- Country: United States
- Language: English
- Genre(s): Science fiction

Publication
- Published in: Isaac Asimov's Science Fiction Magazine
- Publication type: Magazine
- Publisher: Dell
- Publication date: July 1982

= A Letter from the Clearys =

"A Letter from the Clearys" is a science fiction short story by American writer Connie Willis, originally published in the July 1982 issue of the Isaac Asimov's Science Fiction Magazine, and later reprinted in the short story collections Fire Watch (1984) and The Best of Connie Willis (2013). In 1983 it won the Nebula Award for best science fiction short story published in the two years prior to 1983.

==Plot summary==
"A Letter from the Clearys" starts with Lynn, a young teenage girl, and her dog making their way home through the countryside after a visit to the town's post office.

The narrator is living with her parents, older brother and a neighbour. She feels somewhat neglected as her family are very busy building a greenhouse. In addition, while calling her dog she contrasts him with her previous dog.
When Lynn arrives home she reveals that she has found a letter from their friends, the Clearys. This family was due to have visited them 'before' but never came and they had always wondered why, wondering if a letter had been delivered to another family's postbox. The family is somewhat reluctant to hear the letter read but Lynn reads it out anyway.

As Mrs. Cleary asks for news about the family, the letter reveals that the older brother had been married and had a child, and also that the Clearys would have to postpone their planned visit until the next month.

This ordinary cheerful letter upsets the family greatly and Lynn states that this is not her fault, she simply found the letter.

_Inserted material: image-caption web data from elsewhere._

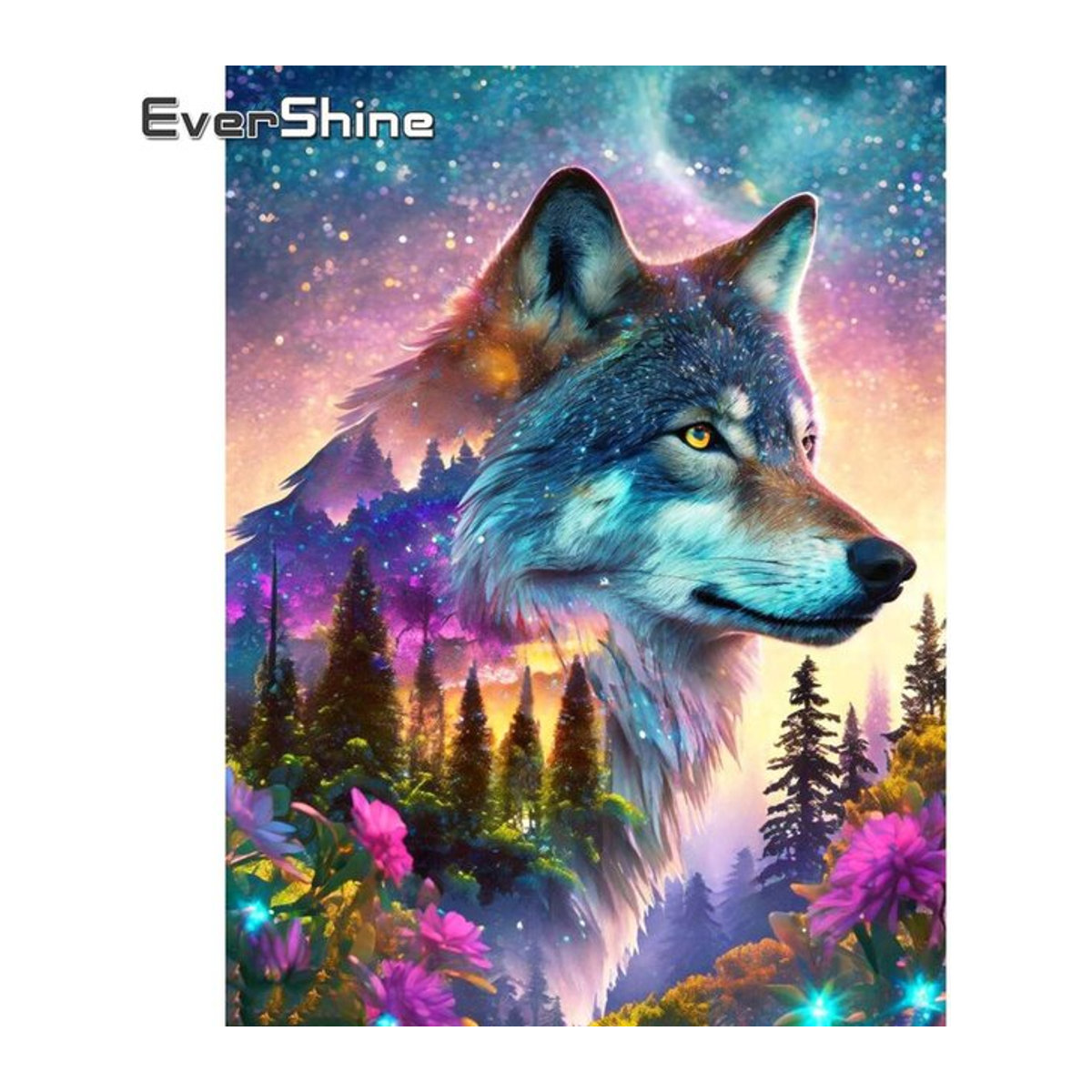 Evershine Diamantgemälde Wolf im Sternenhimmel als Mosaik-Diamantstickerei in Mehrfarbig, Hochformat - Bild 1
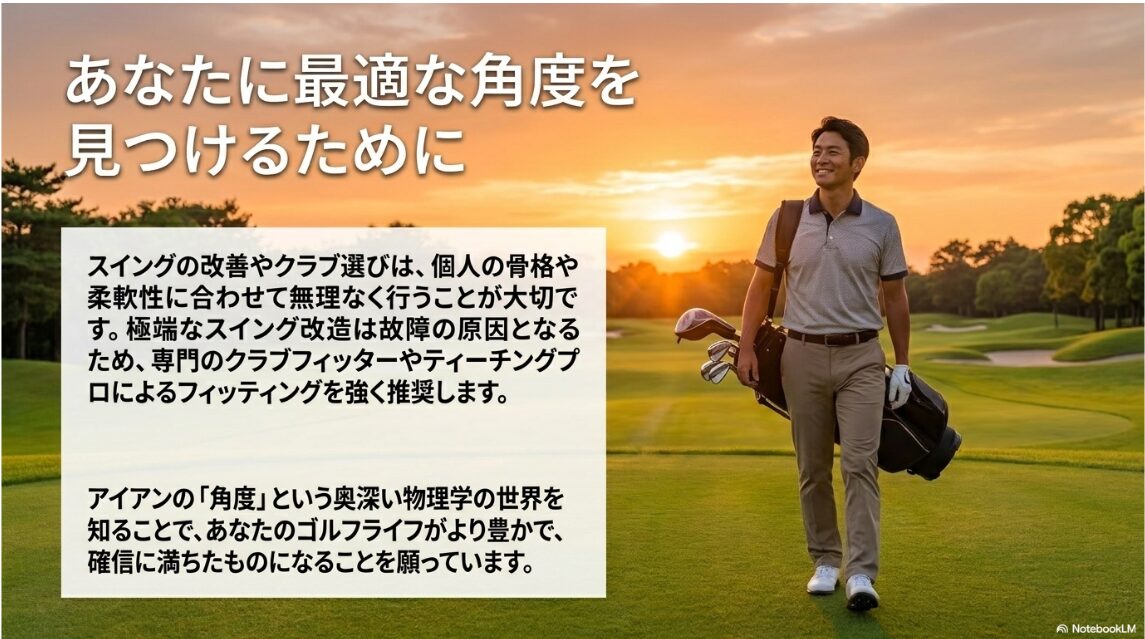 専門家によるフィッティングの推奨と安全なスイング構築を呼びかけるスライド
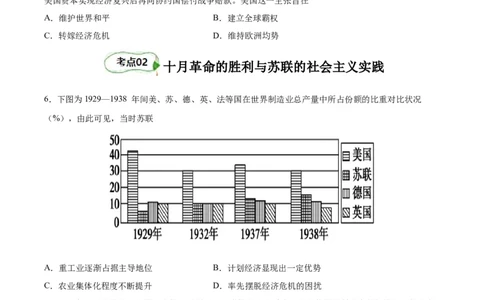 专题考点巩固卷17两次世界大战、十月革命与国际秩序的演变（原卷版）_07高考历史_新高考复习资料_2024年新高考复习资料_一轮复习资料_考点巩固卷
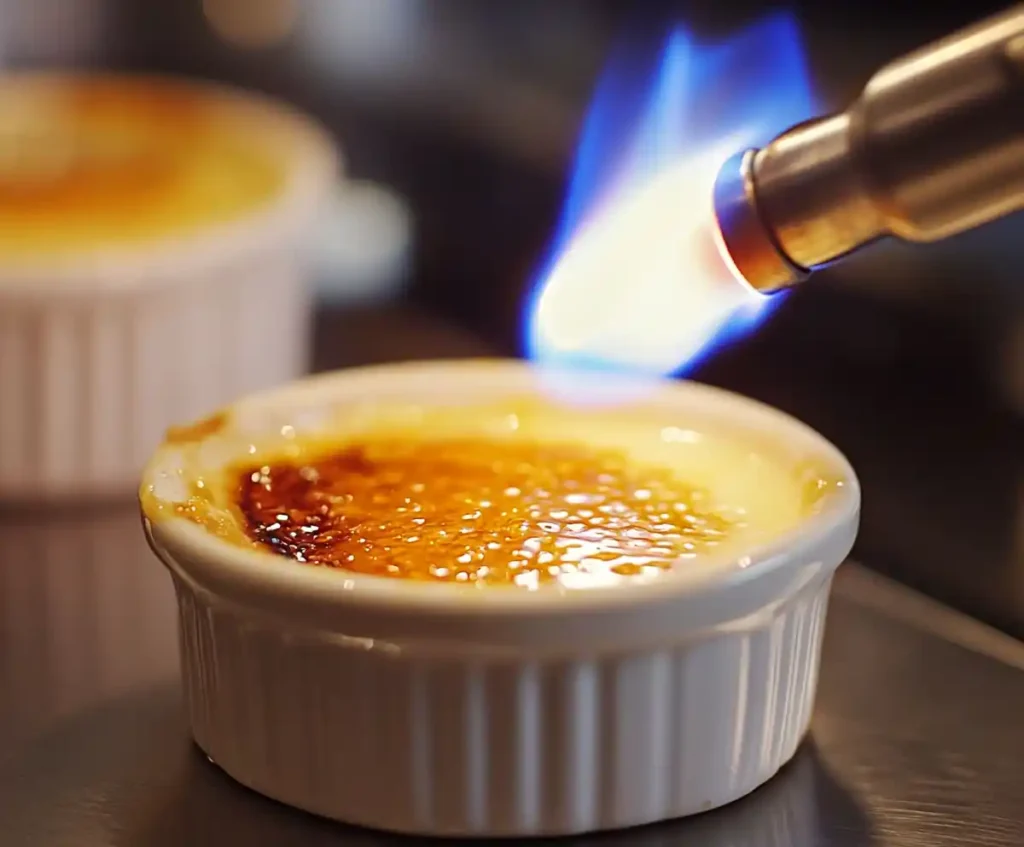 Caramelizing crème brûlée with a blowtorch to create a golden sugar crust.
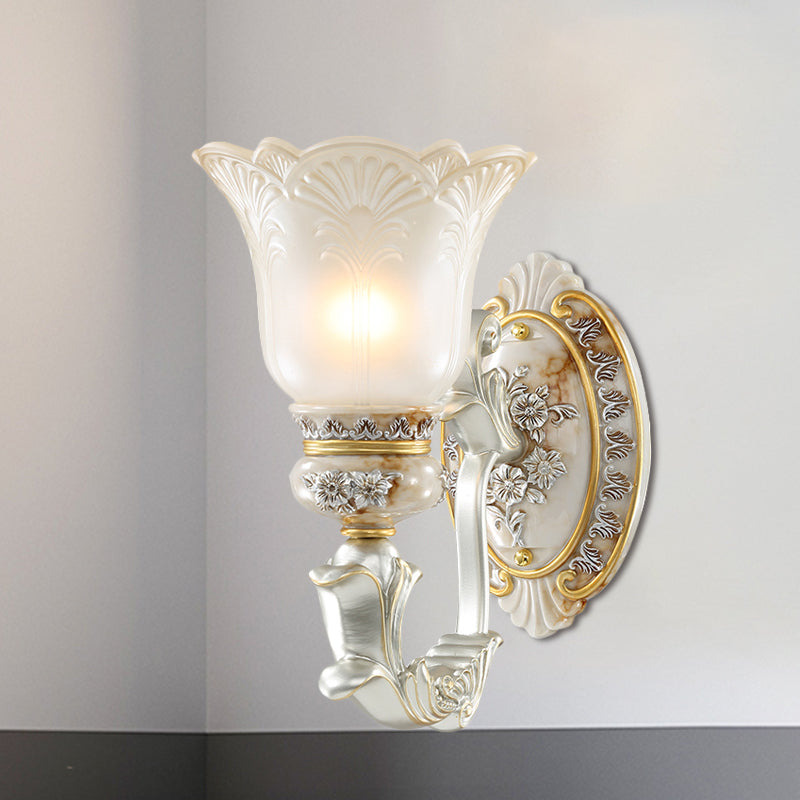 Vivolux | Weiß-Gold Floral Wandlampen-Kit Retro-Stil Mattglas 1/2-Kopf Wohnzimmer Wandleuchte
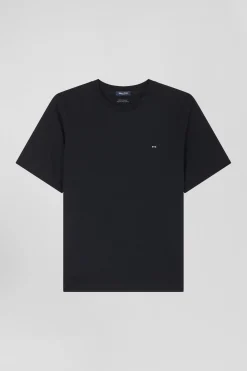 Modern black cotton short-sleeved T-shirt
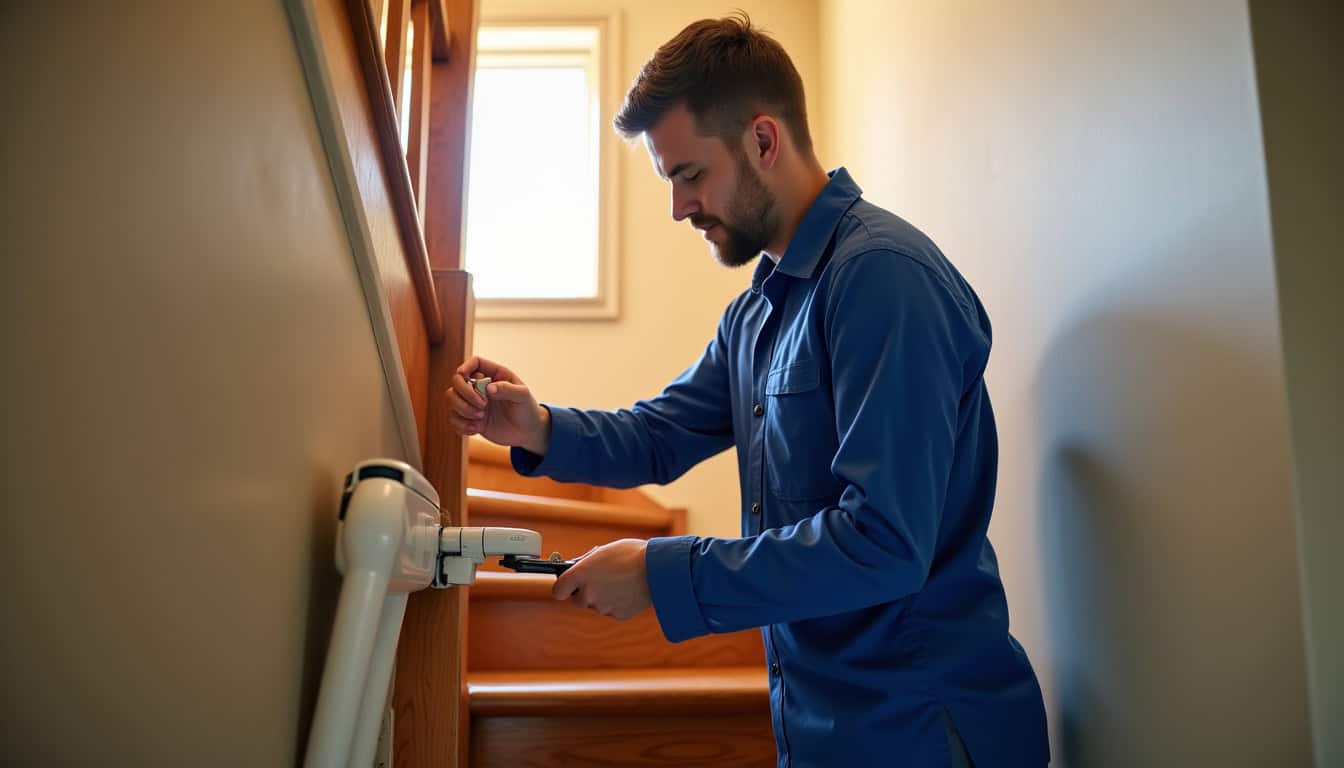 Technicien en train d'installer un monte-escalier tournant dans une maison à Notre-Dame-des-Landes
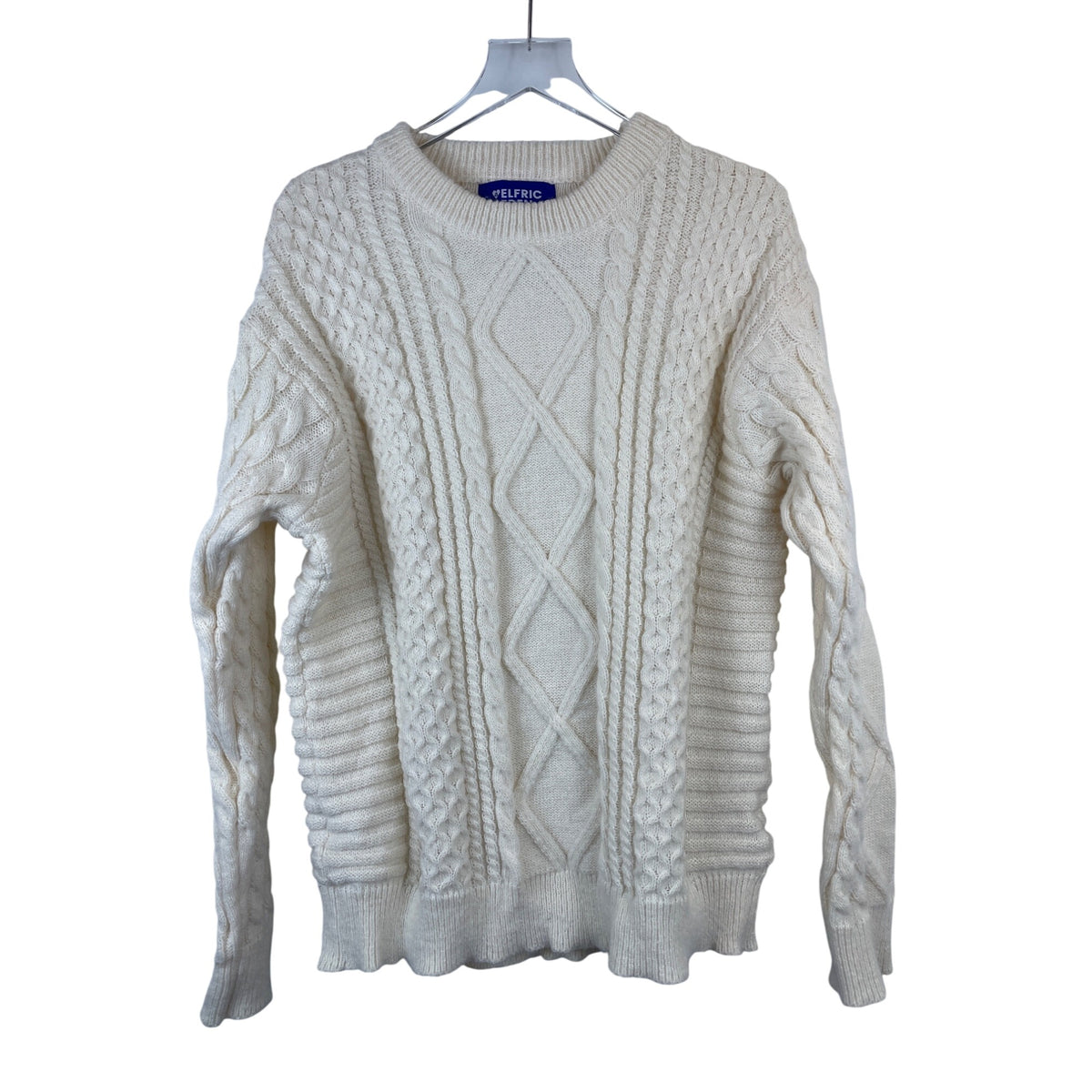 Elfric Eden Mens Cream Cable Knit Pullover Sweater XL Soft Wool Blend Casual Wear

It is now revealed that the family are hiding from looters in the aftermath of a nuclear war, which happened two years earlier. The missing family members had been on a day trip to one of the many places totally destroyed in the war, while the remaining family members are desperately trying to survive a nuclear winter (hence the importance of the greenhouse) and any starving looters. After one such attack the father's fear of returning looters led to his shooting at his daughter and killing her previous dog.

As the story closes the father is boarding up the abandoned post office as they cannot bear the possibility of finding another long-lost letter and any further reminder of how much they have lost. Lynn now reveals to the reader that, far from accidentally stumbling across the letter, she had been searching for it ever since 'it' happened. The letter had indeed been placed in the wrong postbox.